▶ WHAT THE EXERCISE ASKS
Produce an exact copy of the lines from the line containing "Форма для шоколада" through the last line of the listing below, both ends included, and nothing else.

▶ THE DATA
◇ ◇ ◇ ◇ ◇ ◇ ◇

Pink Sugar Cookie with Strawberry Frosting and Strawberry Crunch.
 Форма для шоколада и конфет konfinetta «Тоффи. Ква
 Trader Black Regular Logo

◇ ◇ ◇ ◇ ◇ ◇ ◇

▶ ANSWER SECTION
 Форма для шоколада и конфет konfinetta «Тоффи. Ква
 Trader Black Regular Logo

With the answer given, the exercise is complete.